1. The Simplest Quadratic: $y = x^2$

The graph of a quadratic is a symmetric curve known as a parabola. For the simplest baseline quadratic $y = x^2$:

$x$	$-3$	$-2$	$-1$	$0$	$1$	$2$	$3$
$y = x^2$	$9$	$4$	$1$	$0$	$1$	$4$	$9$

The domain evaluates to $x \in \mathbb{R}$ (all real numbers).
The range evaluates to $y \ge 0$ (or $[0, +\infty)$).
The function $y = -x^2$ is an inverted reflection strictly across the x-axis, flipping the range to $y \le 0$.

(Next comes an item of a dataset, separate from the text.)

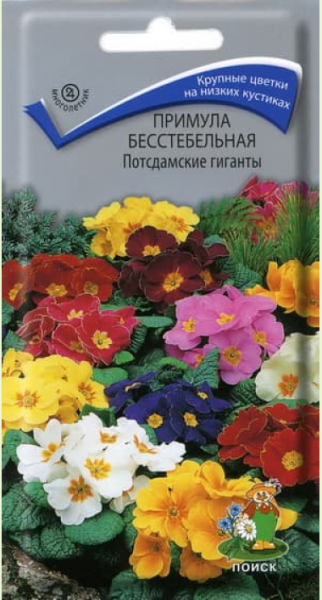 Многолетник Примула бесстебельная Потсдамские гиганты ЦВ Поиск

2. The Quadratic Function $y = ax^2 + bx + c$

The basic characteristics of the generalized quadratic graph are as follows:

Concavity: Determined by $a \ne 0$.
- If $a > 0$, the graph is concave up (U-shaped).
- If $a < 0$, it is concave down.
Discriminant ($\Delta$): $\Delta = b^2 - 4ac$ determines the root count.
- $\Delta > 0$: 2 distinct real roots.
- $\Delta = 0$: 1 repeated real root.
- $\Delta < 0$: No real roots.
Roots (x-intercepts): $x_{1,2} = \frac{-b \pm \sqrt{\Delta}}{2a}$ (exists only if $\Delta \ge 0$).
y-intercept: Set $x = 0$ to obtain $y = c$.
Axis of Symmetry: Given by the equation $x = -\frac{b}{2a}$. This also represents the x-coordinate of the vertex. Alternatively, if roots $x_1$ and $x_2$ are known, the vertex lies at the midpoint $x = \frac{x_1 + x_2}{2}$.

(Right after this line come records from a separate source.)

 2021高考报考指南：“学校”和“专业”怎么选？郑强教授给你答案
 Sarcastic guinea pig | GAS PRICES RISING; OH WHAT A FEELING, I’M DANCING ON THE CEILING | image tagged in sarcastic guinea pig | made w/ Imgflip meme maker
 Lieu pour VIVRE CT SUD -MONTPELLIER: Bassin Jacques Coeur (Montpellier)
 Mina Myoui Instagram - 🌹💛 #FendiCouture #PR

Key Features of a Parabola

EXAMPLE 1

Analyze the function $y = 2x^2 - 12x + 10$.

$a = 2 > 0$, so the graph is concave up.
$\Delta = (-12)^2 - 4(2)(10) = 64 > 0$, confirming two roots.
Roots: $x_{1,2} = \frac{12 \pm 8}{4} \Rightarrow x = 1$ and $x = 5$.
y-intercept: $y = 10$.
Axis of symmetry: $x = -\frac{-12}{4} = 3$. At $x=3$, $y = 2(9) - 36 + 10 = -8$. The vertex is $V(3, -8)$.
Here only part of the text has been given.